■ What you will do
The records follow. Copy them exactly, but omit the pictures.

■ Available data

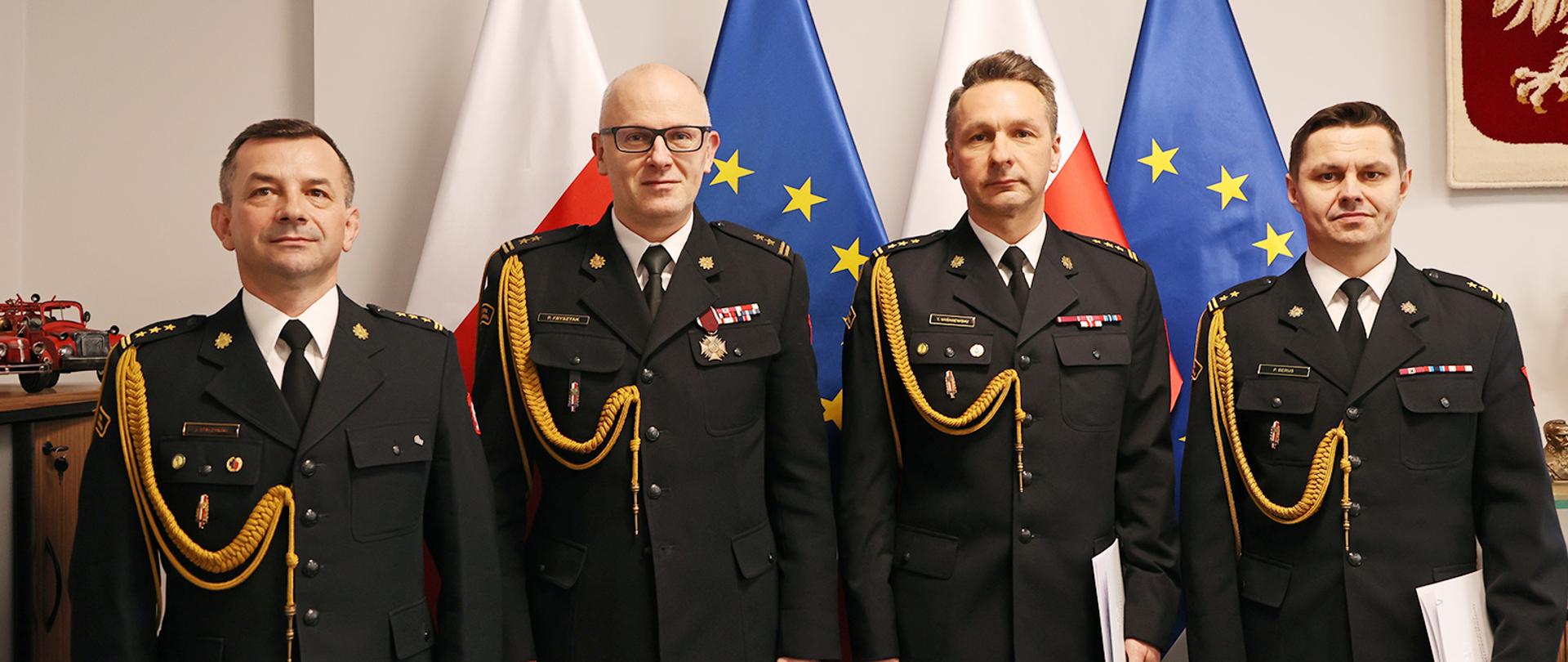 Wspólna fotografia czterech oficerów PSP, w tle flagi RP i UE.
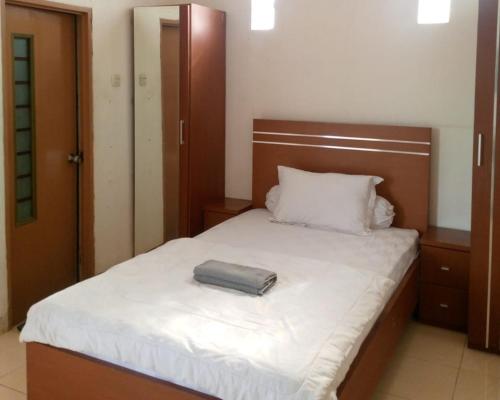 a bedroom with a bed with a pillow on it at House of Felix - Surabaya Guest House in Surabaya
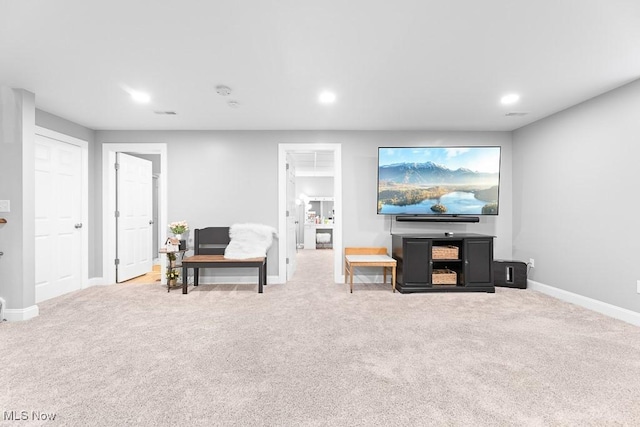 carpeted living room with baseboards and recessed lighting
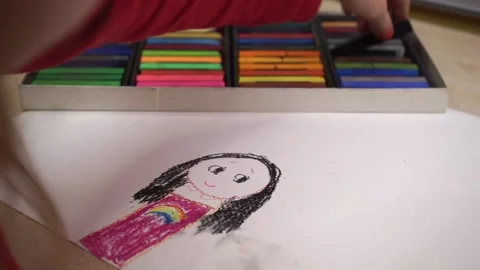 The child draws pens with colored crayons Video stock 169694091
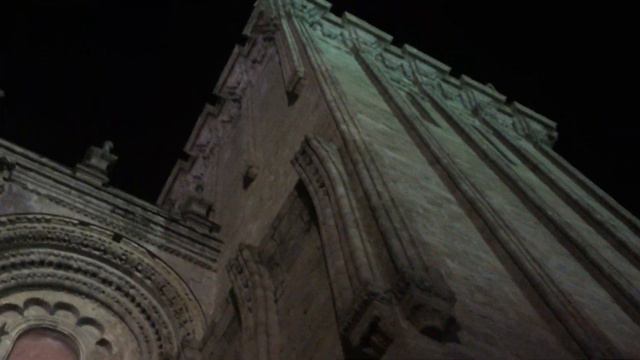 PLAYING MUSIC IN FRONT OF THE SANTIAGO COMPOSTELLA CATHOLIC CHURCH, AFTER CAMINO, IN THE NIGHT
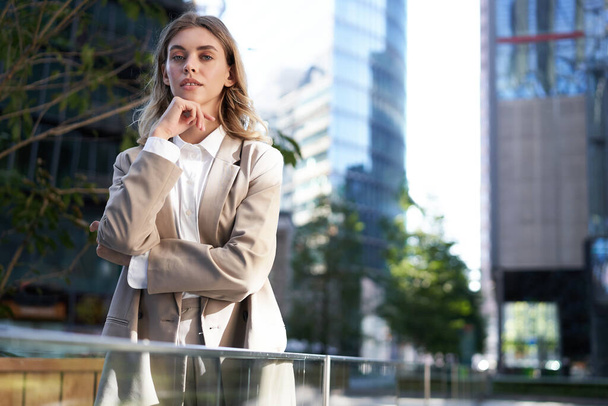 Silná a sebevědomá podnikatelka hledící na kameru, držící se za ruku, stojící před kancelářskou budovou v béžovém obleku. - Fotografie, Obrázek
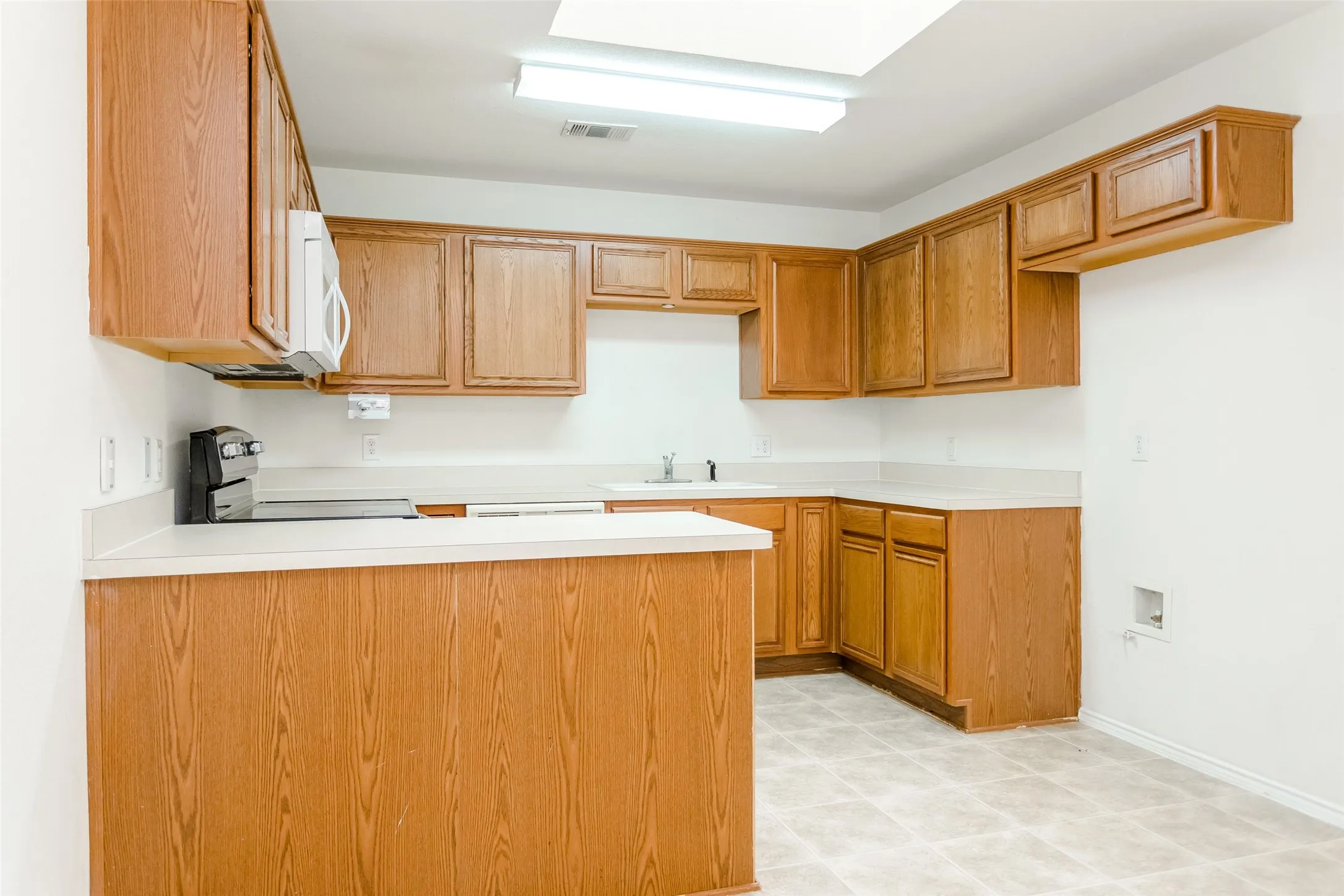 Kitchen featuring light tile patterned flooring, white appliances, sink, and kitchen peninsula
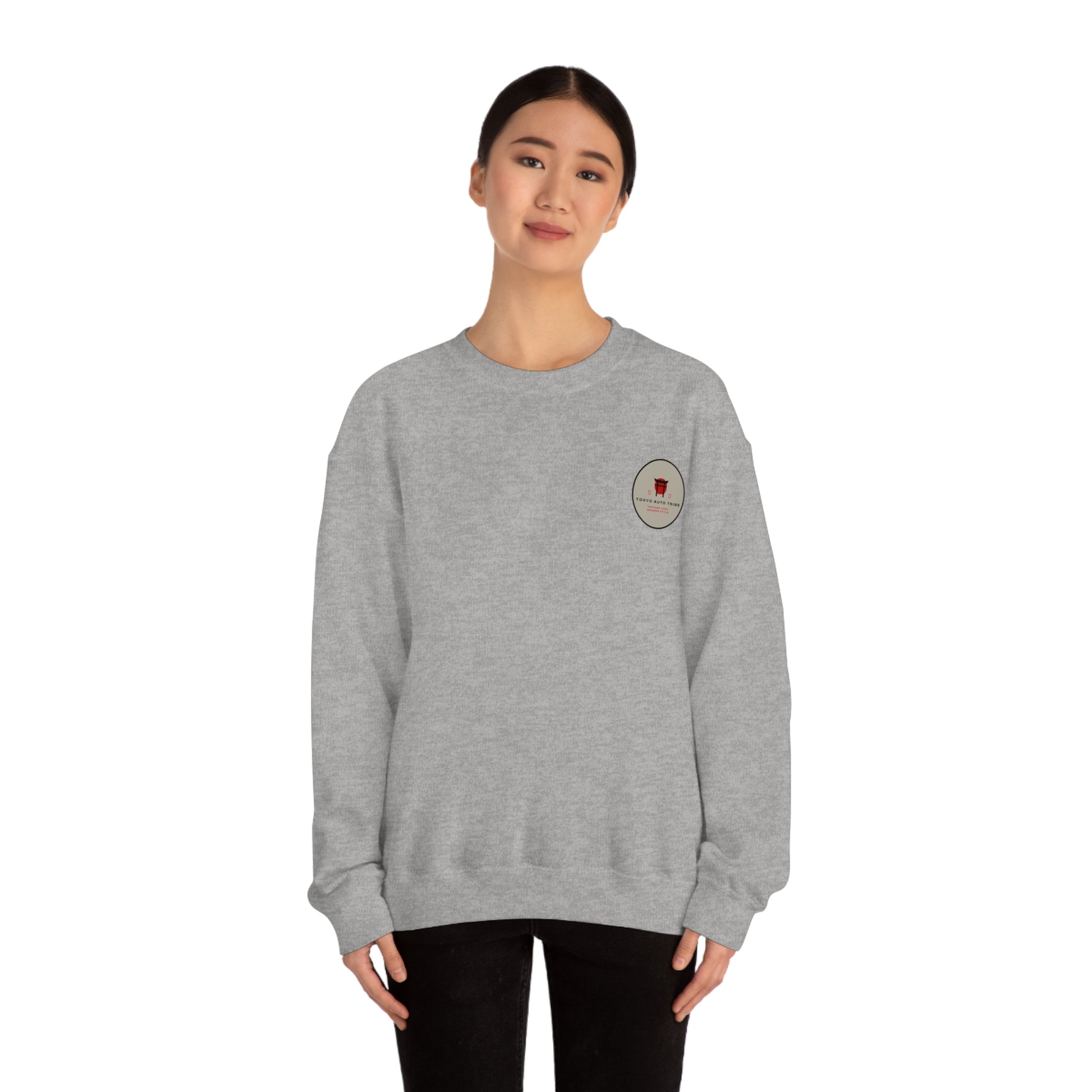 Young woman wearing a grey Wagon Chibi Sweater with a small embroidered design on the chest, styled for casual automotive streetwear inspired by Japanese car culture.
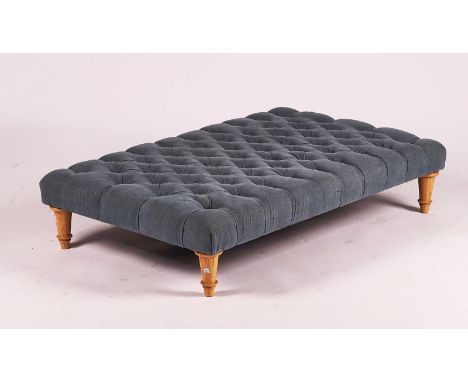 A LARGE MODERN RECTANGULAR FOOT STOOLWith button upholstered top on tapering turned supports, 130cm wide; 29cm high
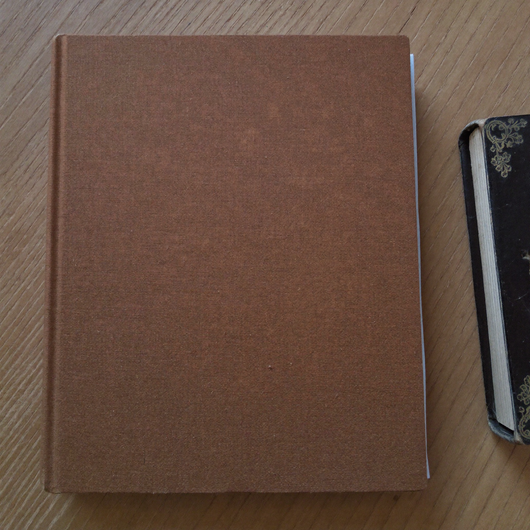 66-Page Bible Study Guide in brown, closed on a wooden table beside a Bible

■ Exercise result
 Wspólna fotografia czterech oficerów PSP, w tle flagi RP i UE.
 a bedroom with a bed with a pillow on it at House of Felix - Surabaya Guest House in Surabaya
 carpeted living room with baseboards and recessed lighting
 The child draws pens with colored crayons Video stock 169694091
 PLAYING MUSIC IN FRONT OF THE SANTIAGO COMPOSTELLA CATHOLIC CHURCH, AFTER CAMINO, IN THE NIGHT
 Silná a sebevědomá podnikatelka hledící na kameru, držící se za ruku, stojící před kancelářskou budovou v béžovém obleku. - Fotografie, Obrázek
 Kitchen featuring light tile patterned flooring, white appliances, sink, and kitchen peninsula
 Young woman wearing a grey Wagon Chibi Sweater with a small embroidered design on the chest, styled for casual automotive streetwear inspired by Japanese car culture.
 A LARGE MODERN RECTANGULAR FOOT STOOLWith button upholstered top on tapering turned supports, 130cm wide; 29cm high
 66-Page Bible Study Guide in brown, closed on a wooden table beside a Bible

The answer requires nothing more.